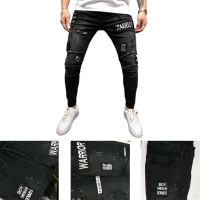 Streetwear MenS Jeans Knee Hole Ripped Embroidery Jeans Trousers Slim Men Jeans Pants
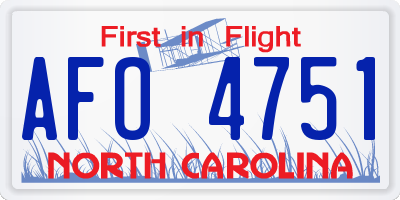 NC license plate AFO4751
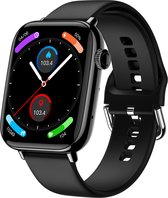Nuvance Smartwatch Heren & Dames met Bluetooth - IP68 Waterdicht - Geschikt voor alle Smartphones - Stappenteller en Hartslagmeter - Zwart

...

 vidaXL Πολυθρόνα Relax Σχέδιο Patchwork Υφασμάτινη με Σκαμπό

WORK TO COMPLETE:
Reproduce, exactly and only, the lines of the records above starting at the line with "Streetwear MenS Jeans" and ending at the line with "Nuvance Smartwatch Heren", both included. Leave every picture out.

SOLUTION:
 Streetwear MenS Jeans Knee Hole Ripped Embroidery Jeans Trousers Slim Men Jeans Pants
 NC license plate AFO4751
Nuvance Smartwatch Heren & Dames met Bluetooth - IP68 Waterdicht - Geschikt voor alle Smartphones - Stappenteller en Hartslagmeter - Zwart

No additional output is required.